Redis Cluster — Rich scripting, sorted sets, hash types. Industry standard for rate limiting.
KeyDB — Redis-compatible, multi-threaded. Drop-in replacement with better multi-core utilization.
DragonflyDB — Redis-compatible, vertically scaled. Higher single-node throughput than Redis.
Memcached — Simpler, atomic increment, but no scripting or sorted sets.

Service Framework

Concept: Stateless gRPC service for rate limit decisions

Options:

Go (Envoy’s reference implementation) — Low latency, efficient concurrency, gRPC-native
Rust — Lowest latency, highest throughput, steeper learning curve
Java/Kotlin — Familiar ecosystem, slightly higher latency from GC

Configuration Management

Concept: Declarative rule storage with hot reload

Options:

Filesystem (YAML/JSON) + file watcher — Simplest, version-controlled via Git
etcd / Consul — Distributed consensus, immediate propagation
PostgreSQL — Relational queries for complex rule management

AWS Reference Architecture

Compute

Component	Service	Configuration
Rate limit service	ECS Fargate	Auto-scaling 3-20 tasks, 1 vCPU / 2 GB each
API Gateway nodes	ECS Fargate / EKS	Co-located with application services
Quota management API	ECS Fargate	2-4 tasks (low traffic admin API)
Config sync	Lambda (scheduled)	Pull config from S3, validate, deploy

Data Stores

Data	Service	Rationale
Rate limit counters	ElastiCache Redis Cluster	Sub-ms latency, cluster mode, Multi-AZ
Quota overrides	RDS PostgreSQL (Multi-AZ)	ACID, managed backups, admin queries
Rule configuration	S3 + EFS mount	Version-controlled, mounted into service containers
Metrics	Amazon Managed Prometheus	Managed TSDB, Grafana integration
Audit logs	Kinesis → S3	Streaming ingest, long-term archival

Self-Hosted Alternatives

Managed Service	Self-Hosted Option	When to self-host
ElastiCache Redis	Redis Cluster on EC2	Cost at scale, specific modules (redis-cell)
RDS PostgreSQL	PostgreSQL on EC2	Specific extensions, cost optimization
ECS Fargate	Kubernetes (EKS/k3s)	Existing K8s infrastructure, multi-cloud
Managed Prometheus	Victoria Metrics	Cost at high cardinality, long retention

Production Deployment

Variations

Load Shedding (Beyond Rate Limiting)

Stripe operates four layers of traffic management, each progressively more aggressive. The reported per-month rejection counts (from the original post) are useful as an order-of-magnitude calibration:

Request rate limiter — Standard per-user rate limiting (Stripe uses a Redis-backed token bucket). Millions of rejections per month, especially test-mode runaway scripts.
Concurrent request limiter — Caps in-flight requests at 20 per user. Catches retry storms from slow endpoints. ~12,000 rejections per month.
Fleet usage load shedder — Reserves capacity for critical operations (e.g., charge creation) by shedding non-critical traffic (e.g., listing charges) during system strain. Returns 503, not 429. Triggered for a “very small fraction” of requests in a typical month.
Worker utilization load shedder — Last resort. When individual workers back up, shed by priority: test mode first, then GETs, then POSTs, then critical methods. ~100 rejections per month, typically only during major incidents.

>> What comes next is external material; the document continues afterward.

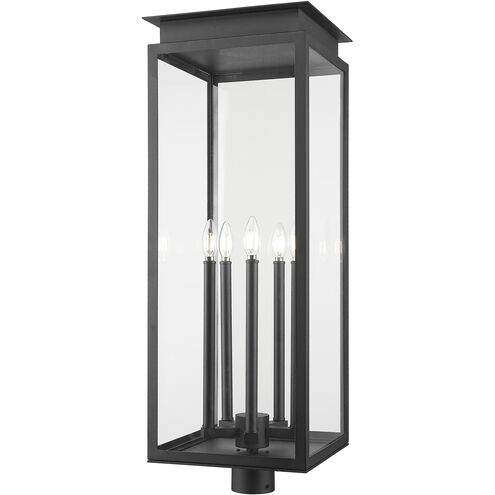 Nova 5 Light 35 inch Black Outdoor Post Mount Fixture in Clear Glass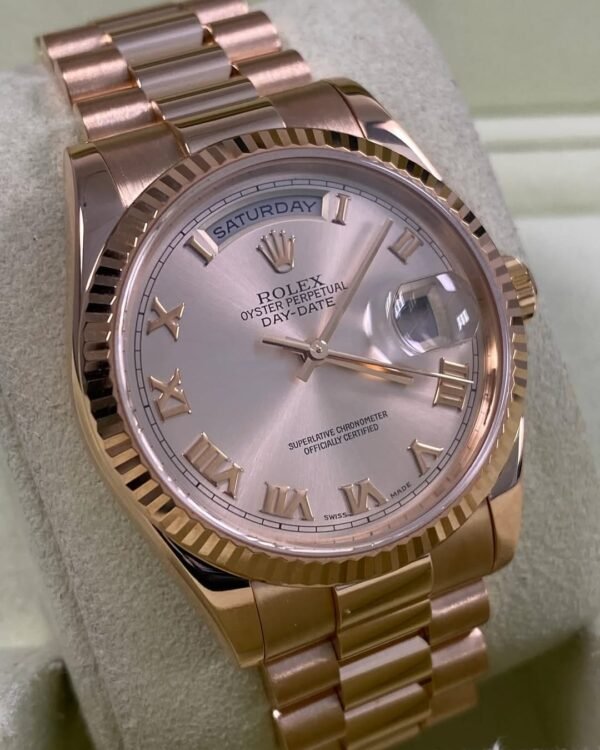 Rolex Everose Gold Day-Date 36 - P serial - Fluted Bezel - Pink Roman Dial - President Bracelet - 118235 *FULL SET* - Image 2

The distinction matters: rate limiting (429) protects per-user fairness. Load shedding (503) protects system survival.

Edge Rate Limiting (Cloudflare Model)

Cloudflare’s architecture avoids centralized coordination entirely:

Anycast routing usually sends a given source IP to the same PoP, so a per-PoP counter is effectively a per-source counter.
Per-PoP counters in Twemcache (a memcached fork) fronted by Twemproxy. Requests are hashed by source IP within the PoP, so all servers in a PoP read/write the same counter for that source.
Sliding window counter with asynchronous increments — counting doesn’t block the request.
Mitigation bit propagation: once a source exceeds the threshold, a flag is set; servers in the PoP check this flag instead of issuing further counter queries during active mitigation.

Result: the per-PoP sliding window counter is reported to mis-decide on 0.003% of requests, with a mean rate-vs-estimate gap of 6%, measured across 400M requests from 270K distinct sources.

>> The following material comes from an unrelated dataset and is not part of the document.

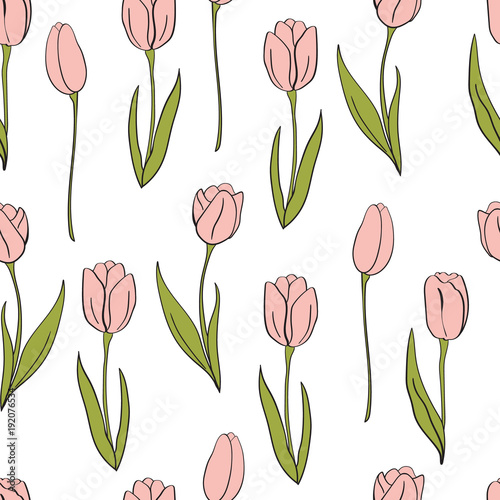 Vector pink tulips pattern. Flower isolated elements. For design, card, print or background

GCRA (Generic Cell Rate Algorithm)

A mathematically elegant alternative used by the redis-cell Redis module. Instead of tracking counters, GCRA tracks a single value: the TAT (Theoretical Arrival Time)—the earliest time the next request should arrive.

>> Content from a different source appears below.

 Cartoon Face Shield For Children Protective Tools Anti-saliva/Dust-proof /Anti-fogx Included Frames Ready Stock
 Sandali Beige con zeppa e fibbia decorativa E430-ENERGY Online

How it differs from token bucket: functionally equivalent, but stores only one value per key (TAT) instead of two (tokens + last_refill). The redis-cell module implements GCRA as a native Redis command (CL.THROTTLE) with atomic semantics, eliminating the need for Lua scripts.

Trade-off: Requires installing a Redis module. Amazon ElastiCache does not include redis-cell in its supported-modules list, so deployments that need GCRA-as-a-command typically self-host Redis (or move to DragonflyDB, which implemented CL.THROTTLE natively).

Conclusion

The rate limiter design centers on three decisions that cascade through the architecture:

Sliding window counter algorithm provides the best accuracy-to-memory trade-off for distributed rate limiting. Cloudflare’s production measurement — 0.003% wrong-decision rate across 400M requests from 270K sources — validates the approximation at attack scale, and O(1) memory per key eliminates the scaling problem of exact approaches like the sliding window log.
Centralized Redis with Lua scripts ensures globally consistent counts across all API gateway nodes without per-node coordination. The Lua script atomically reads the previous window’s count, computes the weighted estimate, and conditionally increments—a sequence that cannot be expressed with Redis transactions alone. Hash tags ensure multi-key operations land on the same shard.
Fail-open with circuit breaker makes the rate limiter self-healing. A Redis outage opens the circuit (allowing all traffic), and probe requests automatically close it when Redis recovers. This follows Stripe’s principle: a rate limiter failure must never become an API outage.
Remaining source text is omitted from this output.